§ **WORK TO BE COMPLETED**
Print exactly what appears from the line containing "Astrid-Gilbert online show" through the final line of the data below, pictures excluded.

§ **DATA SEGMENT**
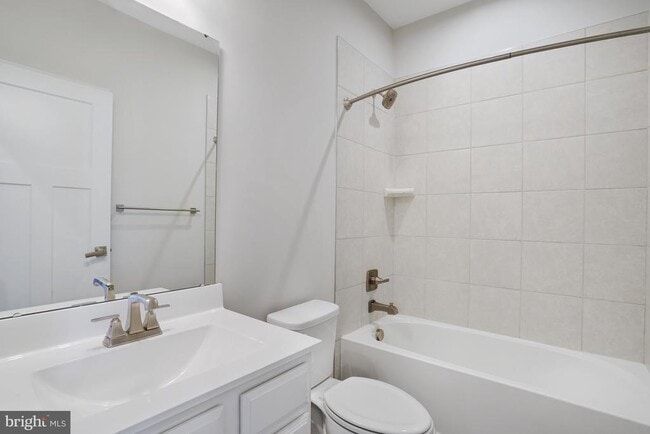 Building Photo - 16627 Tortola Dr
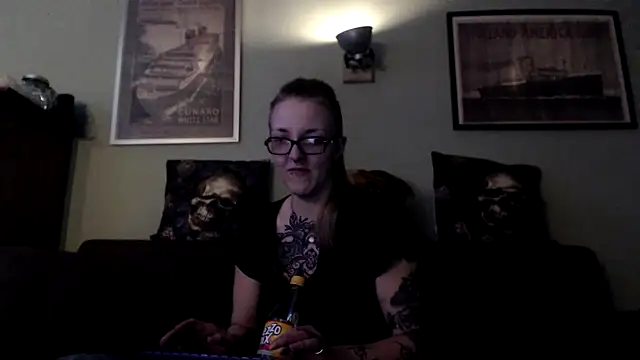 Astrid-Gilbert online show from March 6, 2025, 8:48 pm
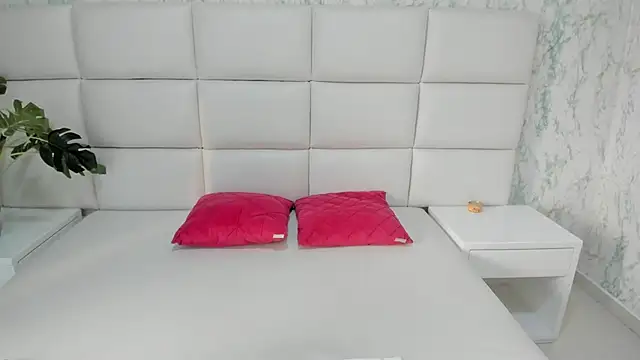 MIA  SAENZ online show from 03/13/25, 12:02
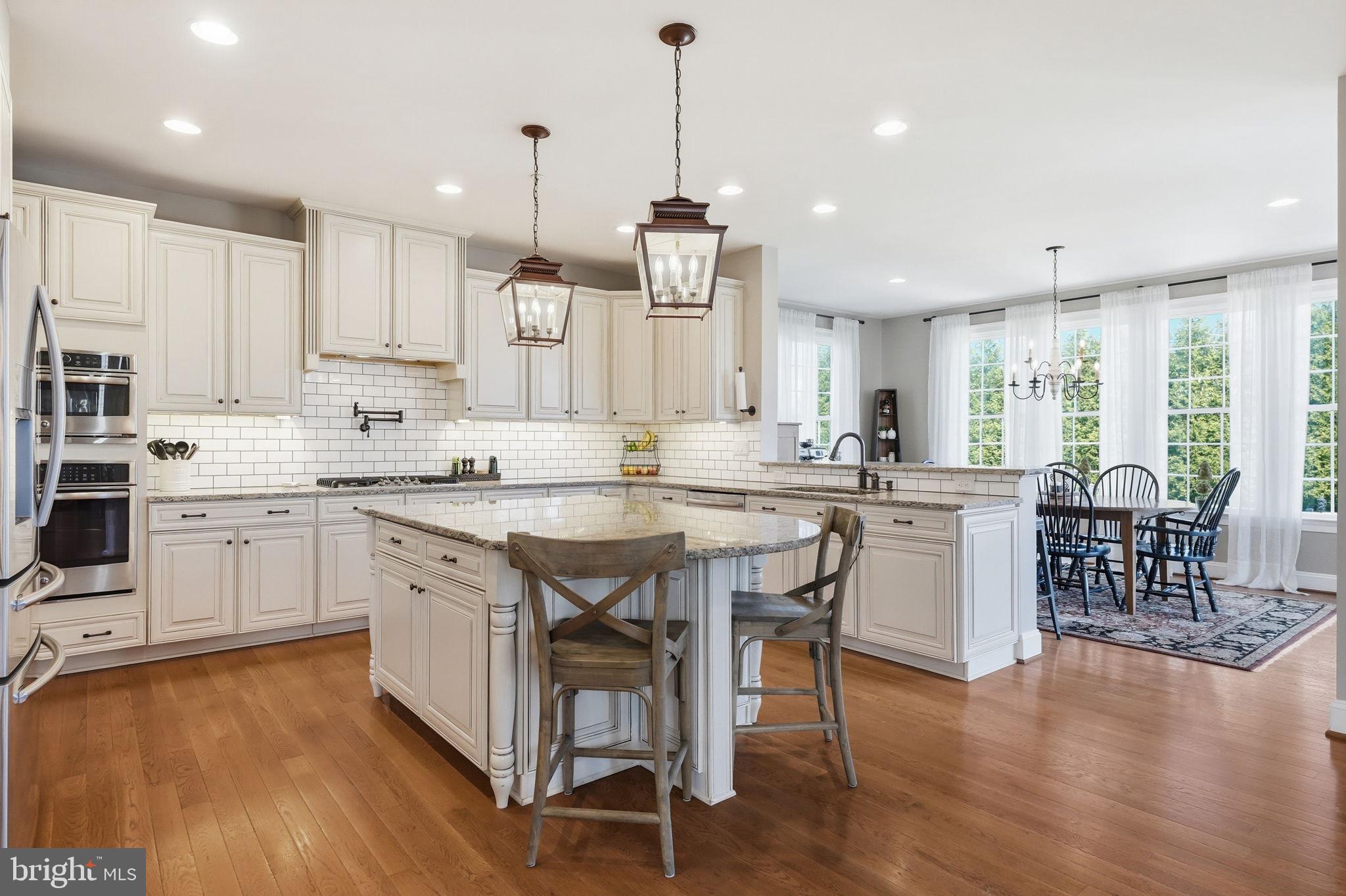 VALLEY VIEW - Residential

§ **SOLVED EXERCISE**
 Astrid-Gilbert online show from March 6, 2025, 8:48 pm
 MIA  SAENZ online show from 03/13/25, 12:02
 VALLEY VIEW - Residential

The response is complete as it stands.